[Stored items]
»»

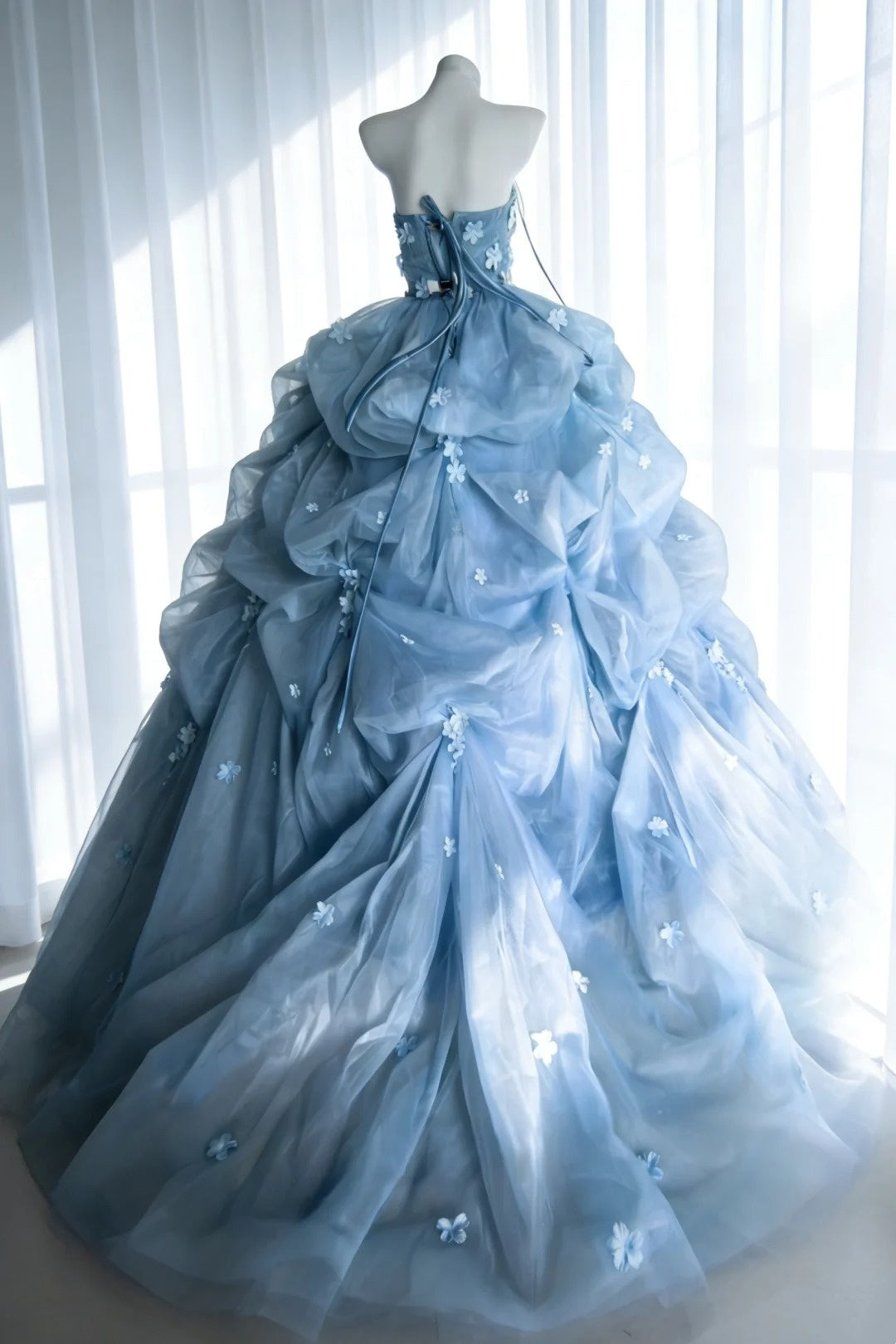 Bezauberndes Ballkleid Trägerloses Blumenplissiertes Abendkleid Sweet 16 Kleid Geburtstag Ballkleid D5392
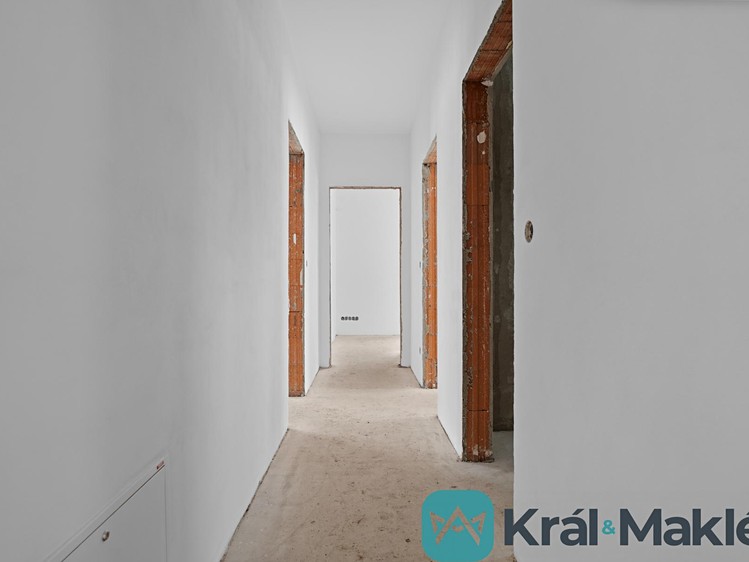 Prodej rodinného domu 164 m², pozemek 1 108 m² - foto 8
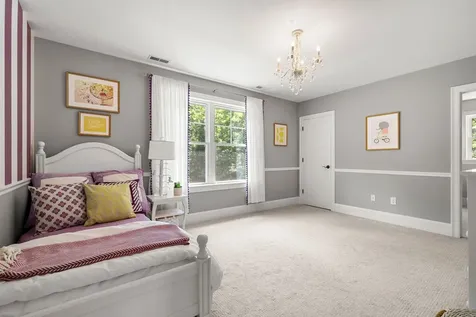 32 Settlers Court Bedford NH 03110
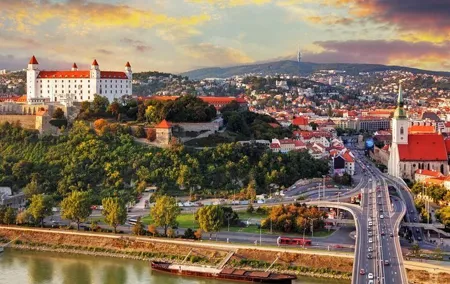 Private transfer from Prague to Budapest with Stopover in Bratislava incl a tour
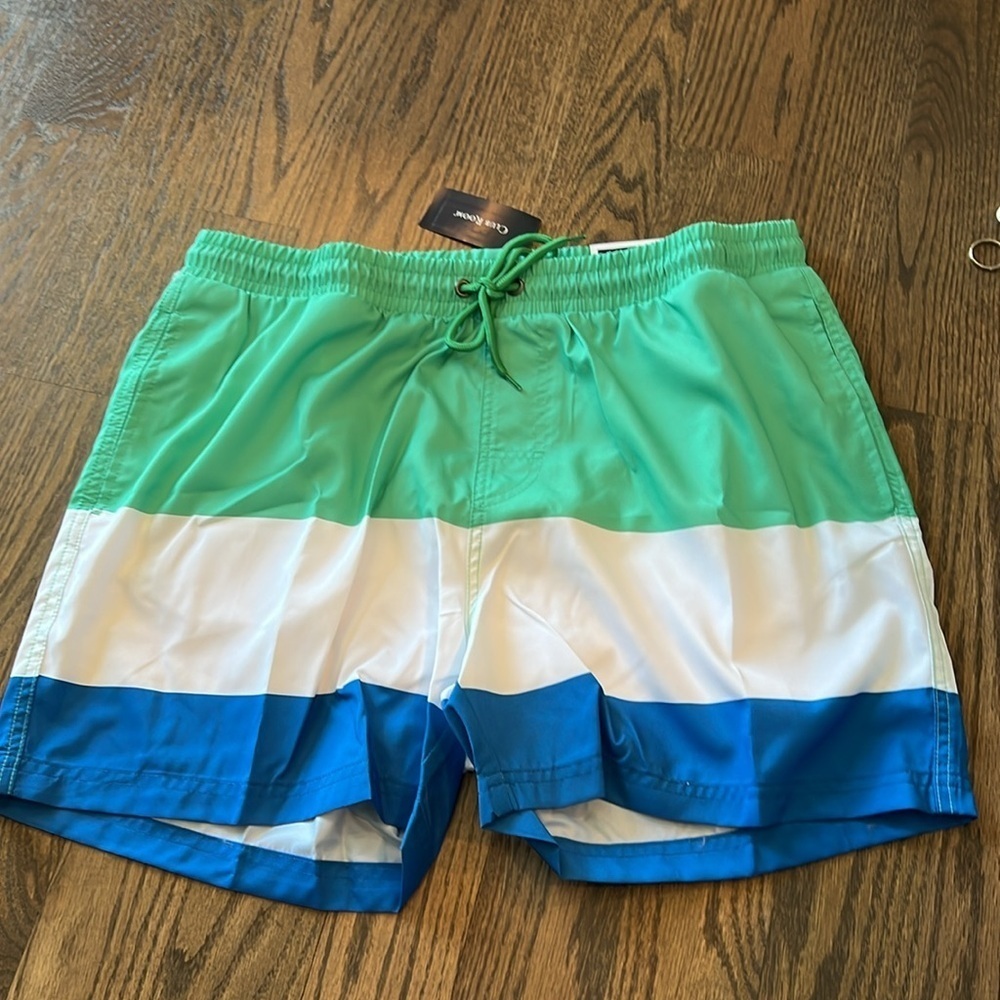 NWT mens Club Room swim trunks with mesh lining and draw string size large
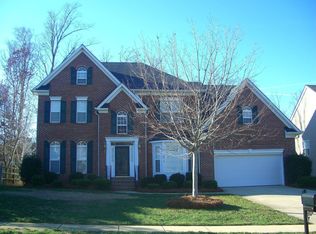 8812 Kingston Forest Dr, Charlotte, NC 28277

««

EXERCISE:
Transcribe the entries above exactly, from their first line through the line with "NWT mens Club", and omit all pictures.

EXERCISE RESPONSE:
 Bezauberndes Ballkleid Trägerloses Blumenplissiertes Abendkleid Sweet 16 Kleid Geburtstag Ballkleid D5392
 Prodej rodinného domu 164 m², pozemek 1 108 m² - foto 8
 32 Settlers Court Bedford NH 03110
 Private transfer from Prague to Budapest with Stopover in Bratislava incl a tour
 NWT mens Club Room swim trunks with mesh lining and draw string size large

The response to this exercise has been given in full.